Good afternoon, ladies and gentlemen, and thank you for standing by. Welcome to the Rocky Brands Third Quarter Fiscal 2019 Earnings Conference Call. [Operator Instructions] I'd like to remind everyone that this conference call is being recorded.

I will now turn the conference over to Brendon Frey of ICR. Please go ahead, sir.

Brendon Frey -- Investor Relations

Thanks, Hector, and thank you, to everyone joining us today. Before we begin, please note that today's session, including the Q&A period, may contain forward-looking statements as defined by the Private Securities Litigation Reform Act of 1995. Such statements are based on information and assumptions available at this time and are subject to changes, risks and uncertainties, which may cause actual results to differ materially. We assume no obligation to update such statements. For a complete discussion of the risks and uncertainties, please refer to today's press release and our reports filed with the Securities and Exchange Commission, including our 10-K for the year ended December 31, 2018.
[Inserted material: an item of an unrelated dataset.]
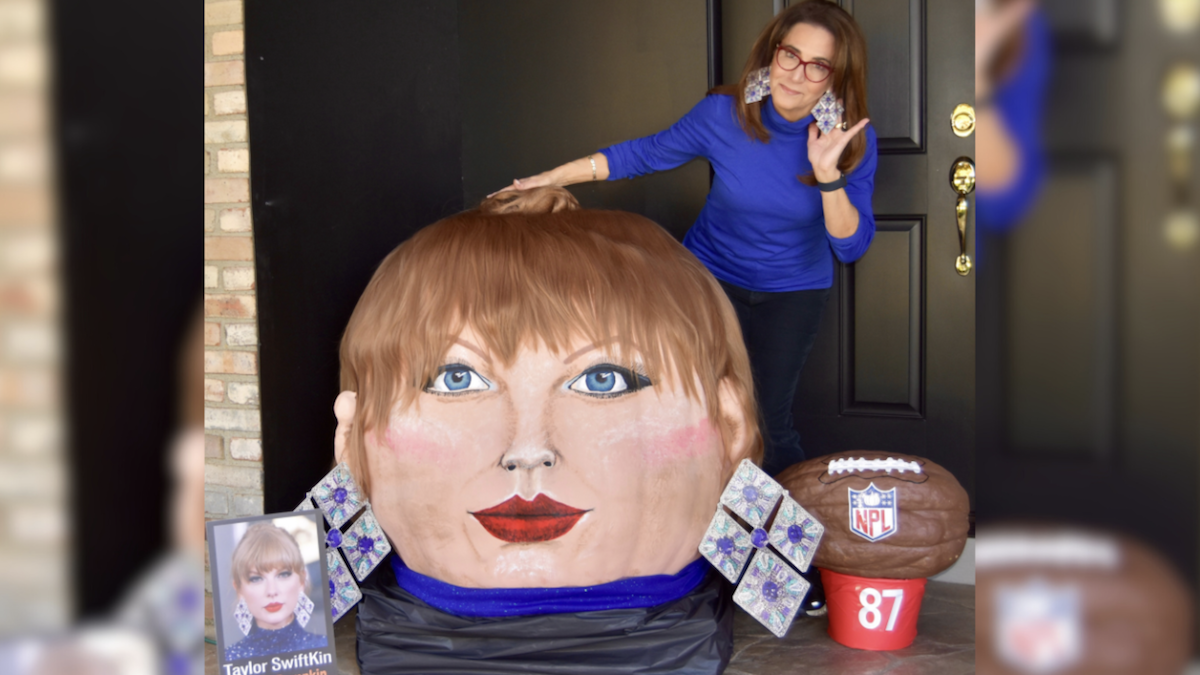 Ohio woman creates 399-pound ‘Taylor Swiftkin’ pumpkin – NBC Chicago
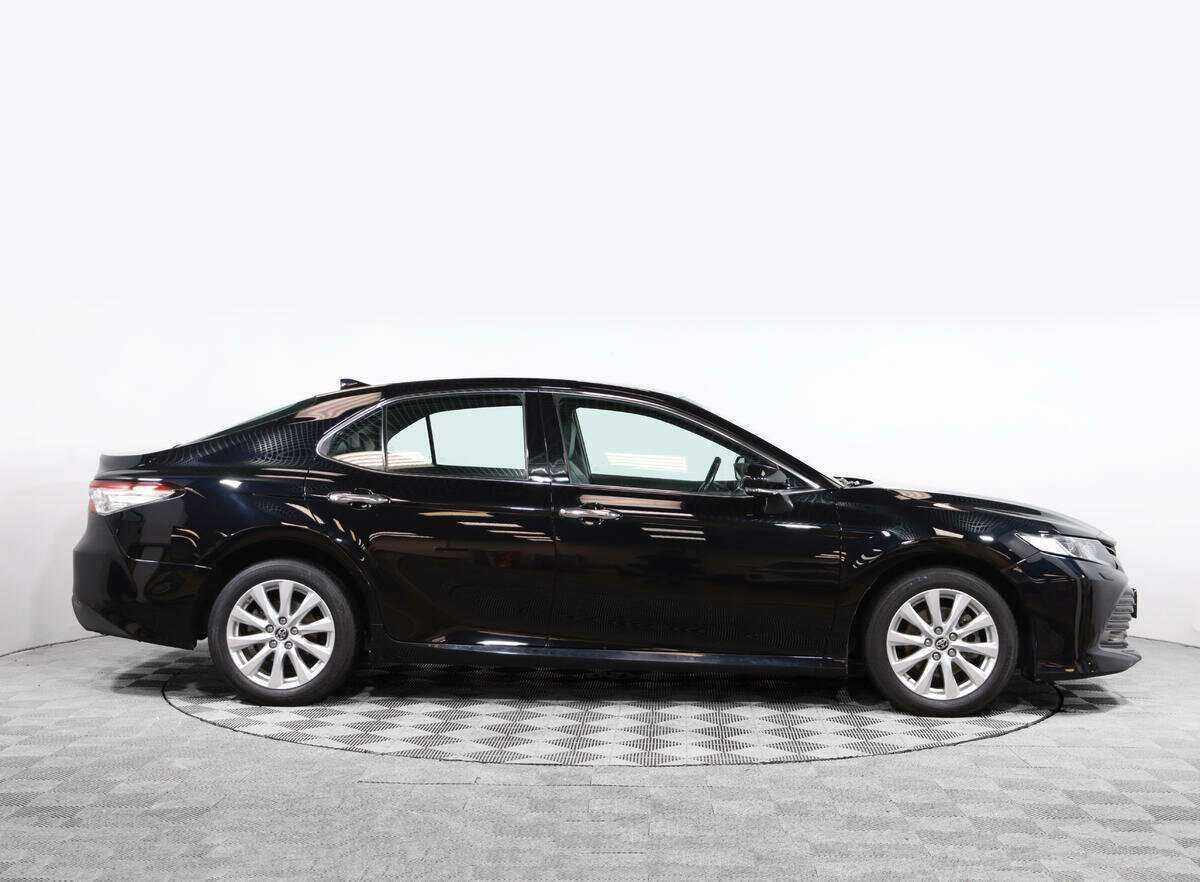 Toyota Camry б/у, 2018, Автоматическая. Фото: #2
And I'll now turn the conference over to Jason Brooks, Chief Executive Officer of Rocky Brands.

Jason S. Brooks -- President and Chief Executive Officer

Thank you, Brandon. With me on today's call is Tom Robertson, our Chief Financial Officer. Our third quarter and year-to-date results have been driven by our ability to capitalize on the key growth opportunities we've identified for the company. With three distinct business segments: wholesale, retail and military, and multiple categories within the wholesale, there are several avenues of growth that we can pursue. While we are encouraged about the future prospects for each of our brands and channels, we have prioritized our efforts and resources to go after the opportunities that we believe provide the most upside and are margin accretive.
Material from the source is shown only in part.